Official Visitor Website
Back to Attractions Attractions

St Mary’s Church- Sedgeford

There has been a church on this site for over 900 years. In 1205 the church was appropriated to Norwich Cathedral Priory. It is during the Priory’s period of responsibility that the church was eventually rebuilt from circa 1300.

The church is of great architectural significance and is Grade 1 listed having many medieval wall paintings, which we are hoping to stabilise and refurbish.

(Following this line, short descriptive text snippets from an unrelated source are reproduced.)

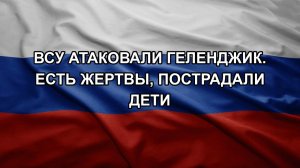 ВСУ атаковали Геленджик. Есть жертвы, пострадали дети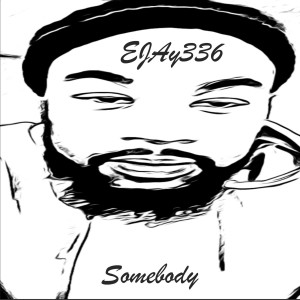 收聽EJAy336的Somebody歌詞歌曲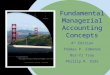 The McGraw-Hill Companies, Inc. 2008McGraw-Hill/Irwin 1-1 Fundamental Managerial Accounting Concepts 4 th Edition Thomas P. Edmonds Bor-Yi Tsay Phillip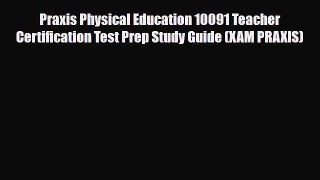 PDF Praxis Physical Education 10091 Teacher Certification Test Prep Study Guide (XAM PRAXIS)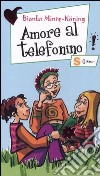 Amore al telefonino libro di Minte-König Bianka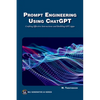 Prompt Engineering Using ChatGPT: Crafting Effective Interactions and Building Gpt Apps - Paperback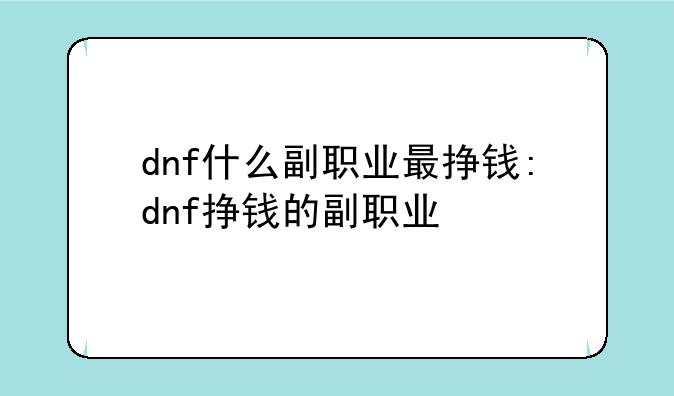 dnf什么副职业最挣钱:dnf挣钱的副职业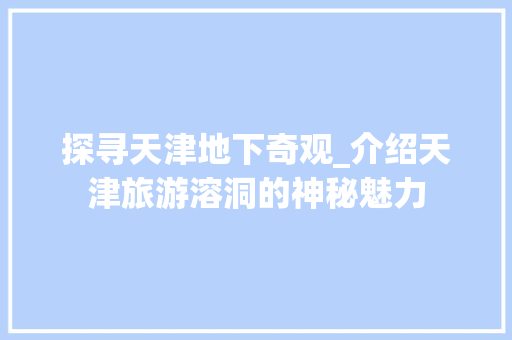 探寻天津地下奇观_介绍天津旅游溶洞的神秘魅力  第1张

Here is the largest of the 124 Round Tower Churches still standing in Norfolk. In its heyday it would have been even larger as the chancel was shortened in 1770. Successive Bishops of Elmham, Thetford and Norwich had an estate here, and the Church belonged to the Priory of Norwich from the late 13C until the Dissolution of the Monasteries. This episcopal connection might have led to building a larger than average Parish Church. Although a Saxon burial ground has been found less than half a mile to the east, this Church was built in the 13C with chancel, nave and tower, but also with aisles. Inside the arches match on both sides, and extend right to the end wails (i.e. they were built at the same time and not inserted into an earlier wall). It seems the transepts were added early in the 14C. The first aisles were likely to have been narrower than now, then in the late 14C they were widened to enlarge the Church, and the porches were added. These wider aisles are unusual in that they extend westwards to enclose the tower. They still have their 14C windows with Decorated tracery. The south transept is still in situ, but the north one was demolished probably in the 15C. It is thought to have projected further north than the present north-east corner, but also further east, overlapping the west end of the chancel. There have obviously been changes around the north-east corner, and the attractive ogee-arched window looking north may have been re-used from the transept. The window at the west end of the north chancel is thought to have originally been an unglazed opening from the chancel into the transept. The south transept east wall partly covers the frame of the south-west chancel window, indicating that the transept was built later than the chancel. Likewise, on its west side, the transept window frame is partly covered by the south aisle, a later addition there. The south window is restored 15C, but on either side the transept has 14C windows, two of them with ogee arches.